タイヤだけではなく、ロードバイクやMTB本体やウェア、ヘルメットなども手掛けています。
長年、チューブラーモデルをレースに供給していましたが、2019年のツール・ド・フランスにおいて、チューブレスレディとなる当モデルを投入しました。
この製品は、プロロードレースチーム「ドゥクーニンク・クイックステップ」と共同で開発。
同チームの高い要望に応えているだけあり、チューブラーの上をいく転がり性能や高グリップ性能、そして高い耐パンク性能を併せ持つモデルです。
レース時のメカニックによる整備性にも配慮され、ビードの上がりやすさにも定評があります。

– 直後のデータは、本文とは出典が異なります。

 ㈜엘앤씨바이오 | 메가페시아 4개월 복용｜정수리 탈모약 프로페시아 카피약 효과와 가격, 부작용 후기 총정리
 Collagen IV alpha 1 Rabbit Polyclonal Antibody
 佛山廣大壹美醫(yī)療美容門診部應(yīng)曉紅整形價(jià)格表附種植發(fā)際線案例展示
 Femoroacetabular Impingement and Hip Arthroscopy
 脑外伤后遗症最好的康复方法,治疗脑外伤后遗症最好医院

【公式ストア】https://www.specialized-onlinestore.jp/shop/g/g00019-1152/
まとめ
チューブを無くすことで、ロードバイク乗りに多くのメリットをもたらすチューブレスタイヤ。
ホイールへの脱着がしづらいという欠点がありますが、近年ではビード上げが楽にできる製品も増えており、初心者でも手に取りやすくなってきています。
製品には、純粋なチューブレスタイヤとシーラントを使うチューブレスレディがあり、現在では後者のモデルが増えている状況です。
皆さんも当記事を参考に、ご自身の乗り方に合ったチューブレスタイヤを手に入れて、快適なロードバイクライフをエンジョイしてくださいね。